- [EXERCISE INSTRUCTIONS] Give the listing again exactly, omitting its images.

- [INPUT MATERIAL]
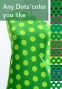 Flamenco Fabric / Dots / Green / JKF-043
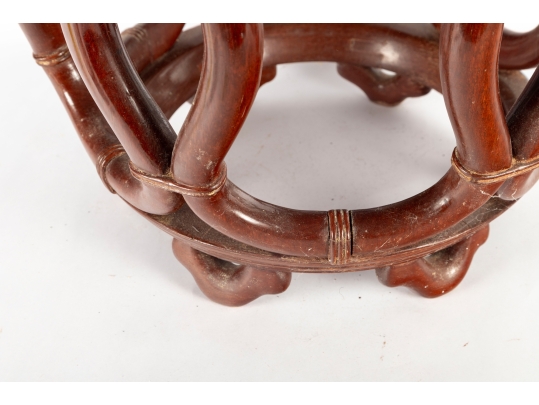 Asian Bentwood Drum Stool Or Side Table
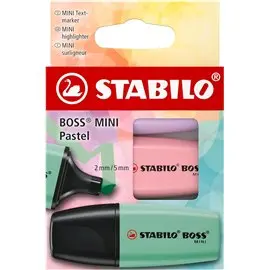 Evidenziatori Stabilo Boss Mini Pastel Mix 3 colori 07/3-2-03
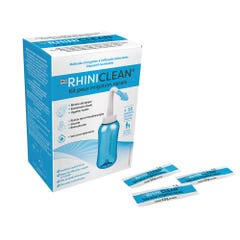 Rhiniclean Kit pour Irrigation nasale + 10 sachets de sels inclus Douche nasale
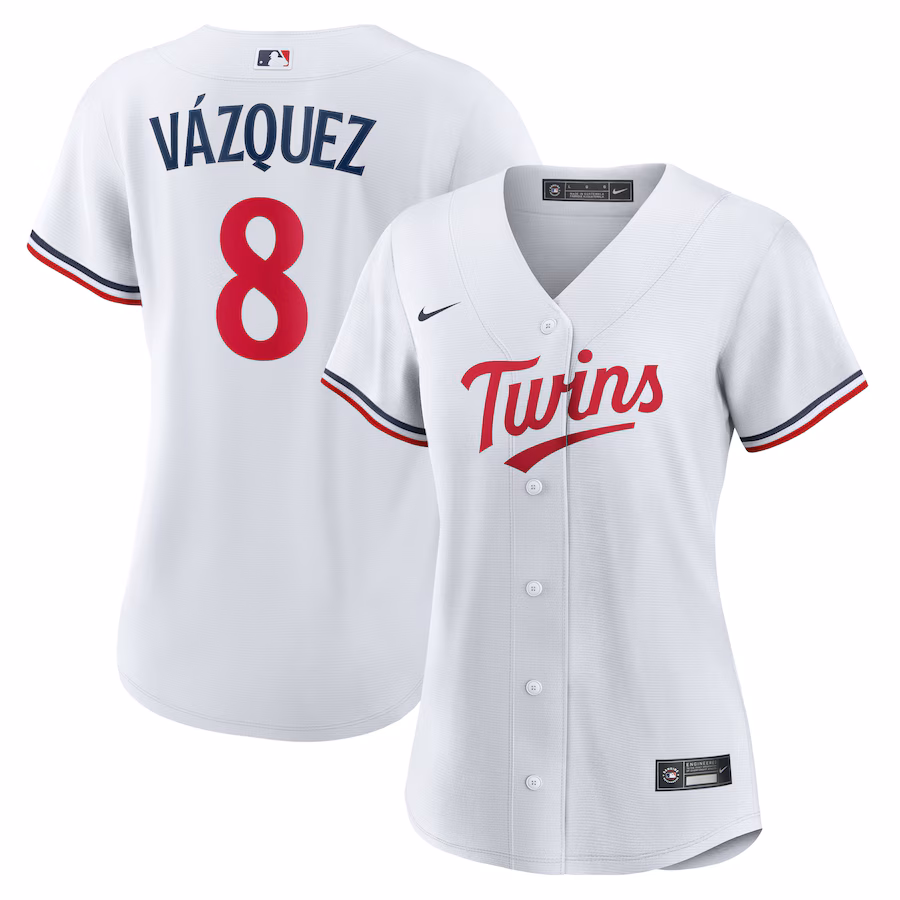 Women's Minnesota Twins Christian Vázquez Nike White Home Replica Jersey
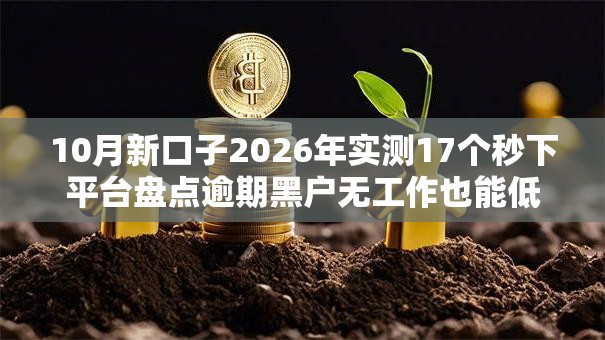 10月新口子2026年实测17个秒下平台盘点逾期黑户无工作也能低门槛秒批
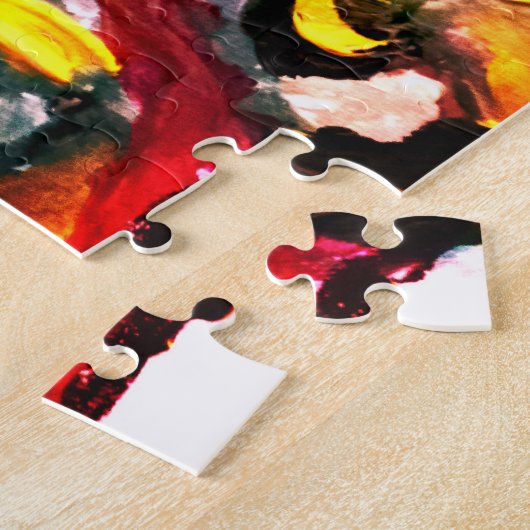 Wolf in winter  ジグソーパズル (側面)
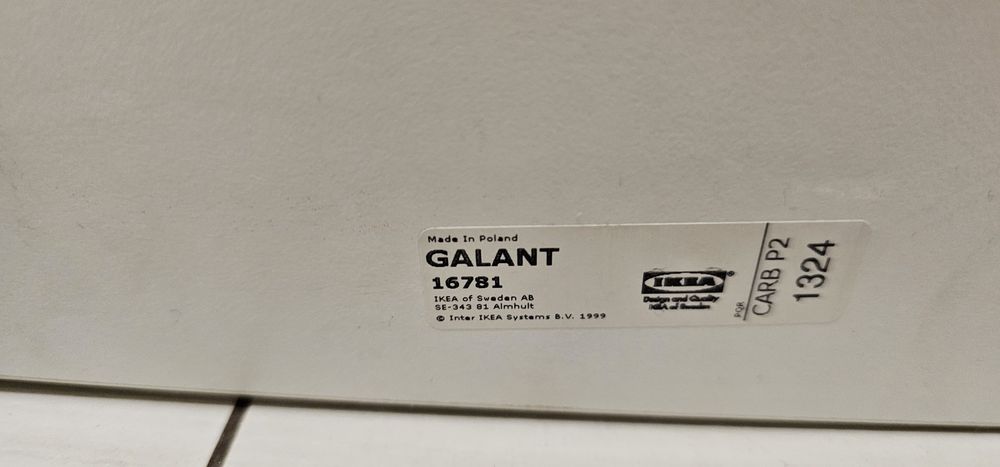 Ikea GALANT szafka / komoda na kółkach, 45 x 55 cm, biała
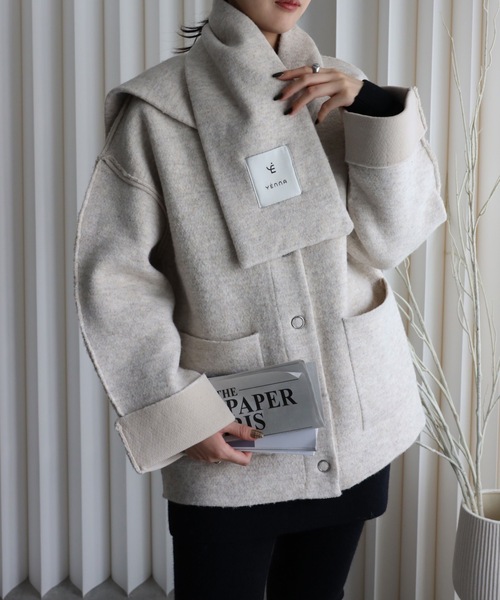 model：164cm. 着用サイズ：FREE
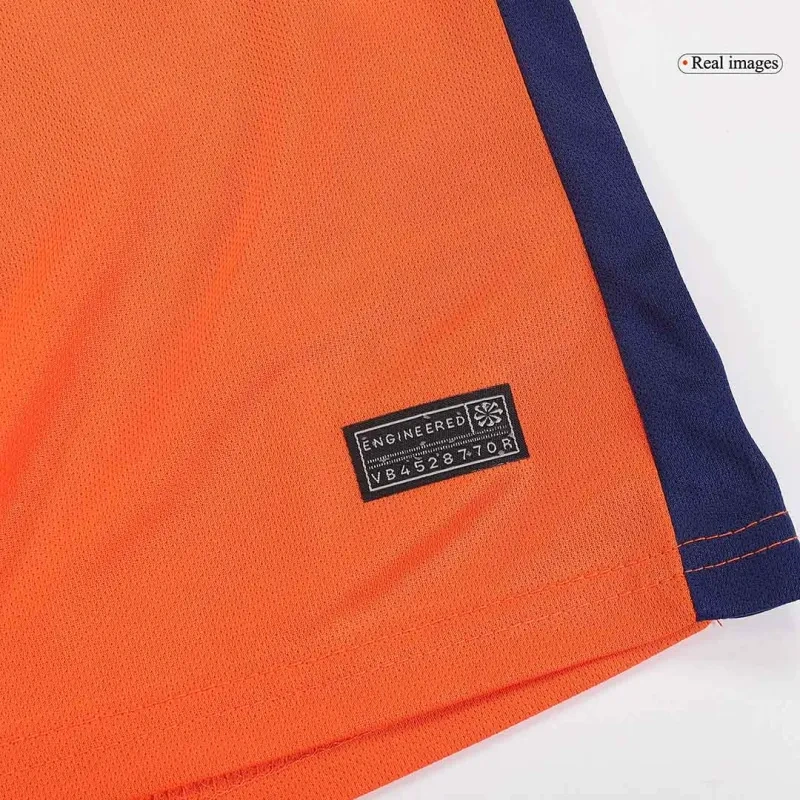 2024  Kids Netherlands Nation Home Jersey Kit Euro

- [ANSWER TO THIS EXERCISE]
 Flamenco Fabric / Dots / Green / JKF-043
 Asian Bentwood Drum Stool Or Side Table
 Evidenziatori Stabilo Boss Mini Pastel Mix 3 colori 07/3-2-03
 Rhiniclean Kit pour Irrigation nasale + 10 sachets de sels inclus Douche nasale
 Women's Minnesota Twins Christian Vázquez Nike White Home Replica Jersey
 10月新口子2026年实测17个秒下平台盘点逾期黑户无工作也能低门槛秒批
 Wolf in winter  ジグソーパズル (側面)
 Ikea GALANT szafka / komoda na kółkach, 45 x 55 cm, biała
 model：164cm. 着用サイズ：FREE
 2024  Kids Netherlands Nation Home Jersey Kit Euro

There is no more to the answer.